Christians ask: Can you love thy neighbor but deport him, too?
Personally, I don't know any Christians who are asking that question.
Okay, go and recruit on a college campus for vegetable pickers jobs or janitors and see how many applications you get.
BTW, how about this below this is a job every American will do, too bad that job is driving GM into bankruptcy because of the UAW.
My first thought was the same --tough love-- but take a look at #35 post; we are actually subsidizing the feudal state in Mexico by NOT dealing with deporting those who are here illegally and not desiring to be citizens here. THAT is unChristian, last time I looked.
"You shall not covet your neighbor's house; you shall not covet your neighbor's wife or his male servant or his female servant or his ox or his donkey or anything that belongs to your neighbor." Exd 20:17
I just keep thinking of the verse, "by their fruits you shall know them," which makes me think that by its fruits you shall know illegal immigration. In my town, the following has increased in direct proportion with the influx of illegals:
Bars on doors and windows.
Crime.
Hospitals closing.
Schools overcrowded, dangerous, ineffective.
Gangs.
Graffiti.
Blight, (broken windows, abandoned shopping carts, rusty old cars in front lawns, etc.)
It's happening in neighborhood after neighborhood in the US, formerly nice areas that are now too unsafe to walk through. Could God possibly approve of that? I can't imagine it. Yet it happens everywhere illegal immigration occurs.
Nothing will make me believe that God wants Christians to encourage and embrace illegal immigration. I believe that illegal immigration is a great curse on this country.

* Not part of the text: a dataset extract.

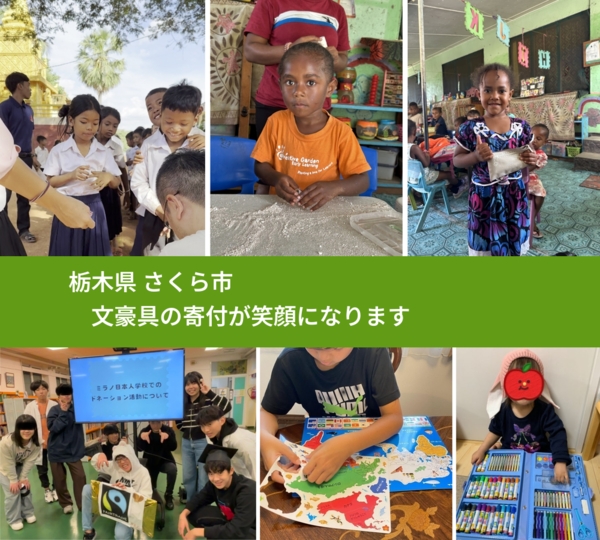 栃木県 さくら市 で、安心して絵本を寄付できます。ワクチン募金にもなります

The king of Assyria brought people from Babylon, Cuthah, Avva, Hamath and Sepharvaim and settled them in the towns of Samaria to replace the Israelites. They took over Samaria and lived in its towns.Samaritans never completely assimilated into Israel:
They worshiped the LORD, but they also served their own gods in accordance with the customs of the nations from which they had been brought.Samaritans were a fifth column who sabotaged Israelites efforts to rebuilt their city and temple:To this day they persist in their former practices. They neither worship the LORD nor adhere to the decrees and ordinances, the laws and commands that the LORD gave the descendants of Jacob, whom he named Israel.
Then the peoples around them set out to discourage the people of Judah and make them afraid to go on building.Samaritans wrote a letter falsely accusing the Jews of sedition :They hired counselors to work against them and frustrate their plans during the entire reign of Cyrus king of Persia and down to the reign of Darius king of Persia. Ezra 20: 3,4
The king sent this reply:To Rehum the commanding officer, Shimshai the secretary and the rest of their associates living in Samaria and elsewhere in Trans-Euphrates:
Greetings.
The letter you sent us has been read and translated in my presence. 19 I issued an order and a search was made, and it was found that this city has a long history of revolt against kings and has been a place of rebellion and sedition.